There are 3 unique values, so the answer is 3.
Example 3:
Input: [1,2,4]
Output: 6
Explanation:
The possible results are 1, 2, 3, 4, 6, and 7.
Note:
1 <= A.length <= 50000
0 <= A[i] <= 10^9
Explaination:
For example, an array is [001, 011, 100, 110, 101] (in binary).
All the subarrays are:
[001]
[001 011] [011]
[001 011 100] [011 100] [100]
[001 011 100 110] [011 100 110] [100 110] [110]
[001 011 100 110 101] [011 100 110 101] [100 110 101] [110 101] [101]

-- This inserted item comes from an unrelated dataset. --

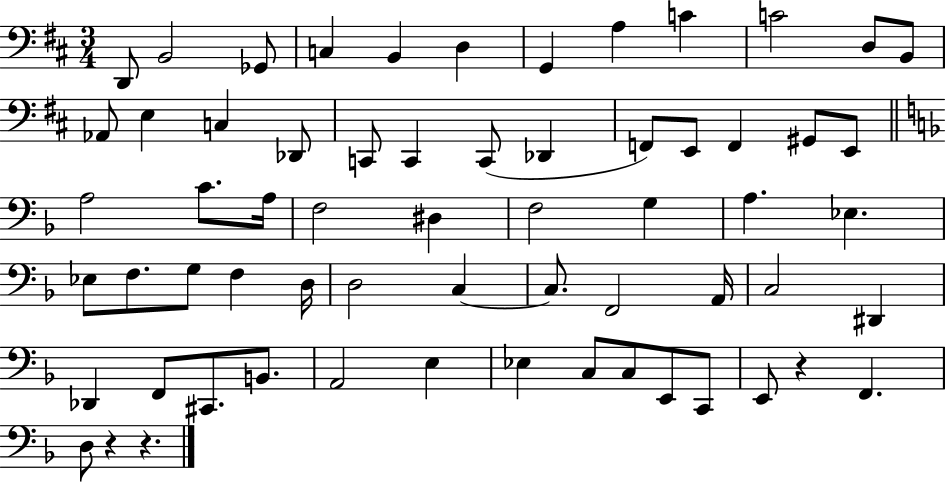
D2/e B2/h Gb2/e C3/q B2/q D3/q G2/q A3/q C4/q C4/h D3/e B2/e Ab2/e E3/q C3/q Db2/e C2/e C2/q C2/e Db2/q F2/e E2/e F2/q G#2/e E2/e A3/h C4/e. A3/s F3/h D#3/q F3/h G3/q A3/q. Eb3/q. Eb3/e F3/e. G3/e F3/q D3/s D3/h C3/q C3/e. F2/h A2/s C3/h D#2/q Db2/q F2/e C#2/e. B2/e. A2/h E3/q Eb3/q C3/e C3/e E2/e C2/e E2/e R/q F2/q. D3/e R/q R/q.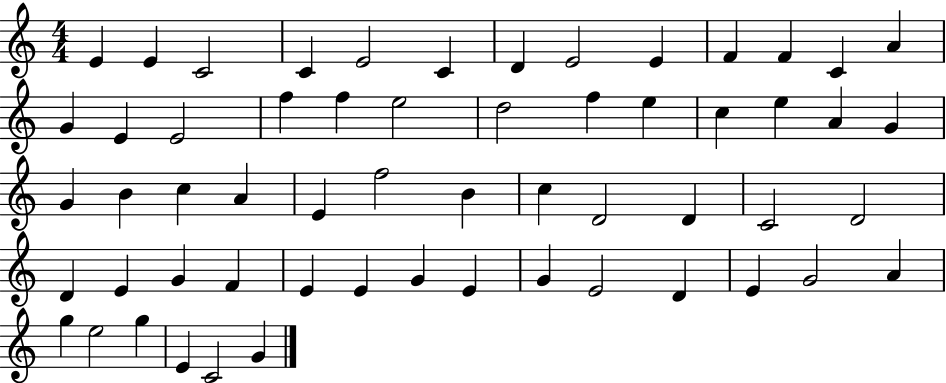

In each line, we add a new number to each array of the previous line.
Calculate the OR operations for each subarray:
001
011 011
111 111 100
111 111 110 110
111 111 111 111 101
There are O(N^2) numbers in total, which is not acceptable.
After removing duplicate numbers in each line, it becomes:
001
011
111 100
111 110
111 101
In each line t
, for any two numbers t[i]
and t[j]
(i < j), t[i]
must have more 1
s than t[j]
. So the length of each line will not exceed 32. So if we remove duplicate numbers, the complexity would not be very large.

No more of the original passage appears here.